Cullina On George Swede

Of the Real World
A collection of Haiku

by
Corinne Cullina

Ever since I was a little child I have been writing. Whether it was short stories, poems or what I one day dreamed would become a novel I was always writing. I even took creative writing classes over the summer just so I could learn how to write better. Aside from writing I always had a love for reading, especially poetry. Through school I learned of various forms and techniques in poetry. I loved just about all types of poetry, but I remember having trouble with haiku. Three lines of 17 syllables in the order of 5,7,5 seemed too structured to me. Also every last one seemed to be about flowers or the sun, but not one seemed to complete a single thought. They always just seemed like two or three random images thrown together and called poetry. It wasn’t until Dr. Brooks Honors Global Haiku Course that I learned to fully appreciate the art of haiku.
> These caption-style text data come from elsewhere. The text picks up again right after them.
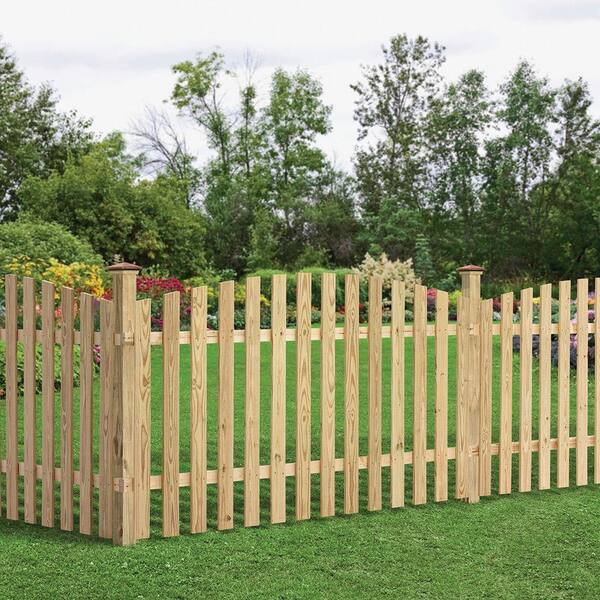 6 In X 6 In X 8 Ft Wood Full Round Fence Post 4277 The Home Depot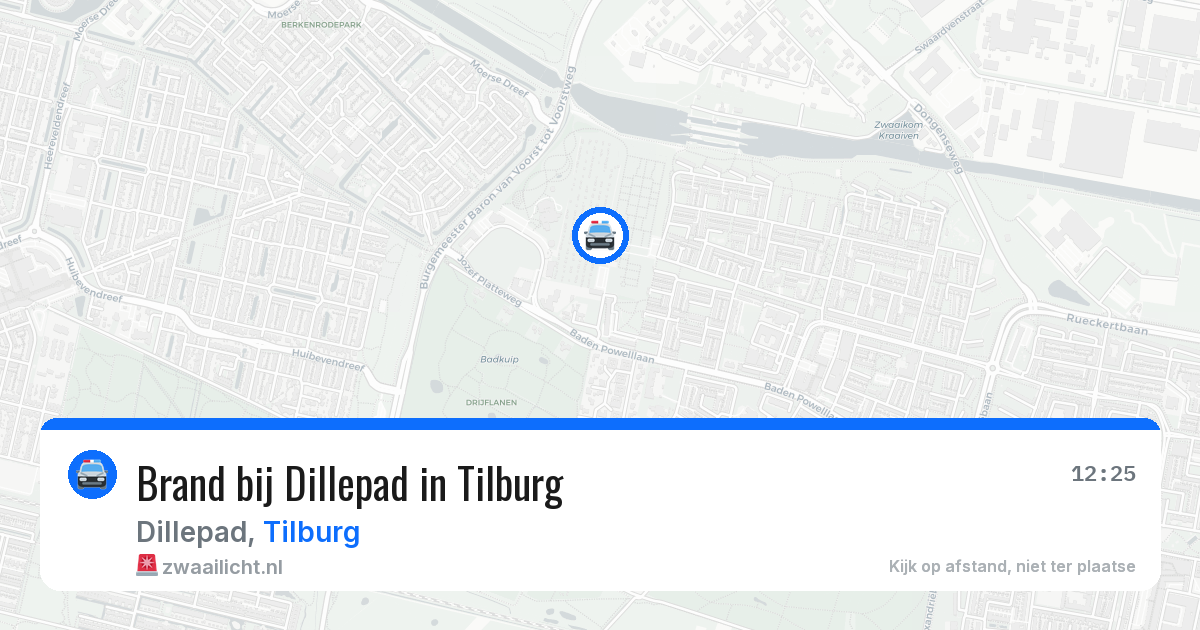 Brand bij Dillepad in Tilburg — 11 mrt 2026
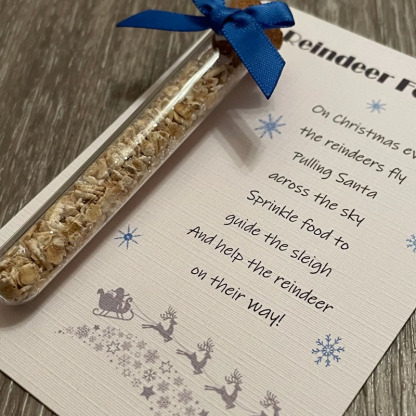Santa Sleigh Magic Reindeer Food Tube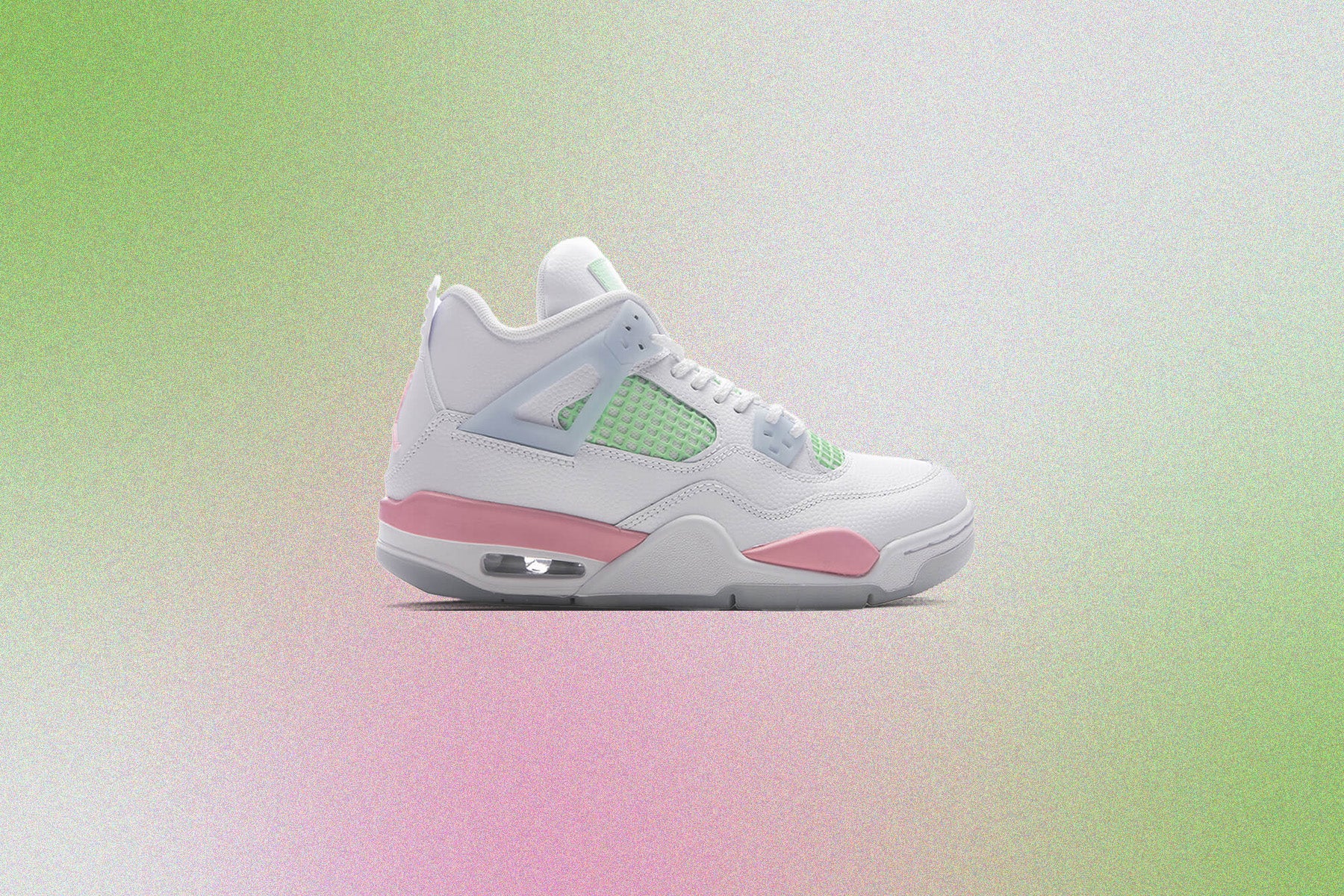 Air Jordan 4 Retro 'Valentine's Day' (GS) - White/Medium Soft Pink/Half Blue - Image 5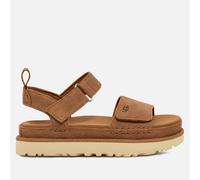 UGG Women's Goldenstar Suede Flatform Sandals - UK 7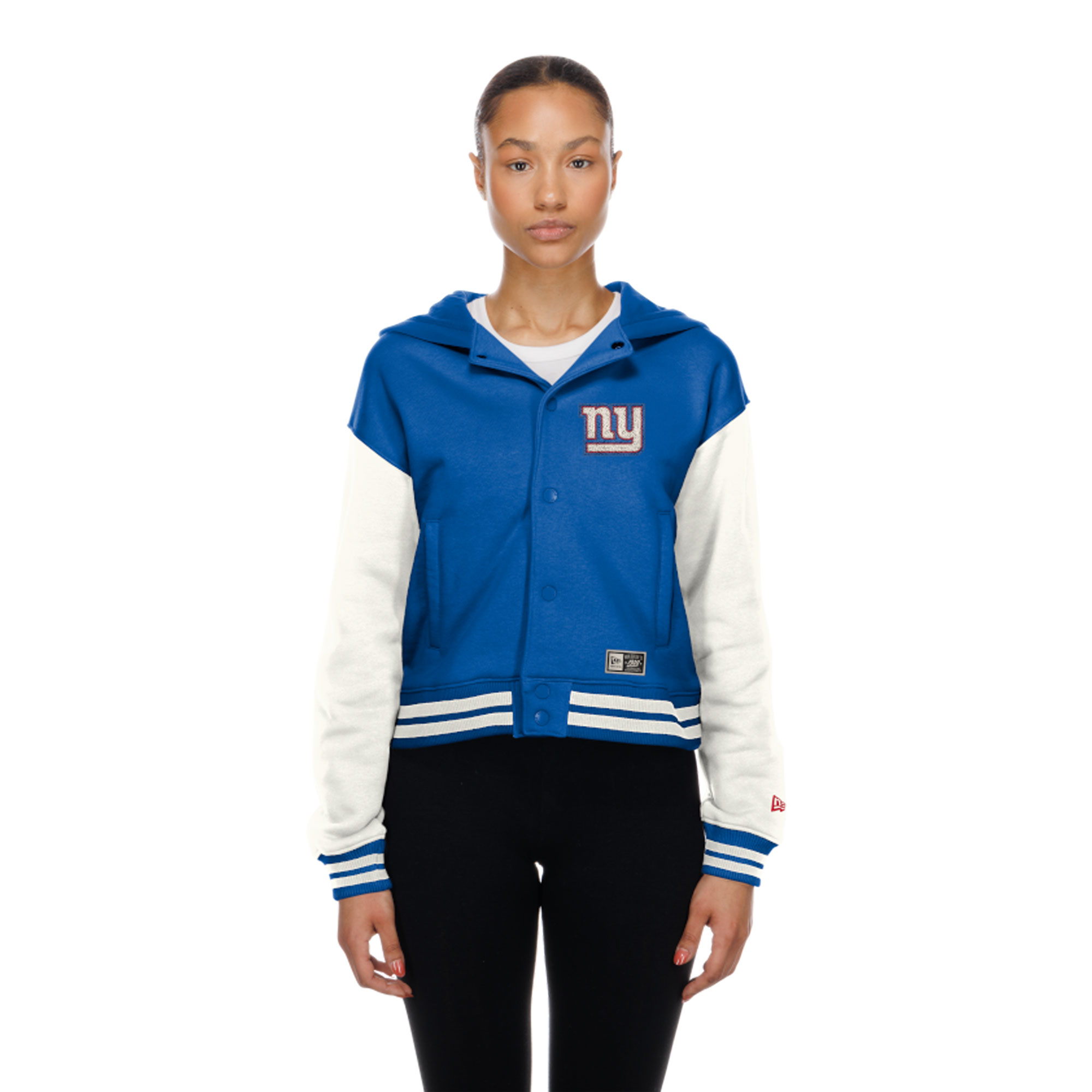 New Era Women's New York Giants Royal Throwback Full-Snap Hooded Jacket - Royal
Right from the start Dr. Brooks just told us to write, no structure, no syllable counting, no rules whatsoever. I thought this was a little strange, but if I wasn’t given rules or instructions to follow I certainly wasn’t going to go looking for them. However, my first haiku for the course still all seemed to lack something. I was still only writing about nature and its appearance. Mostly I was just writing a sentence about nature and placing spaces where I thought they might sound nice.

It wasn’t until we read Almost Unseen which is a collection of haiku and senryu by George Swede that I was finally inspired to write haiku with more emotion. Swede’s haiku often include human elements especially his senryu, which focus on human nature. The thing I liked most about Swede’s haiku was not just their human element but they often contained words that would either completely shock you or make you think about some of the less-enjoyable aspects of life.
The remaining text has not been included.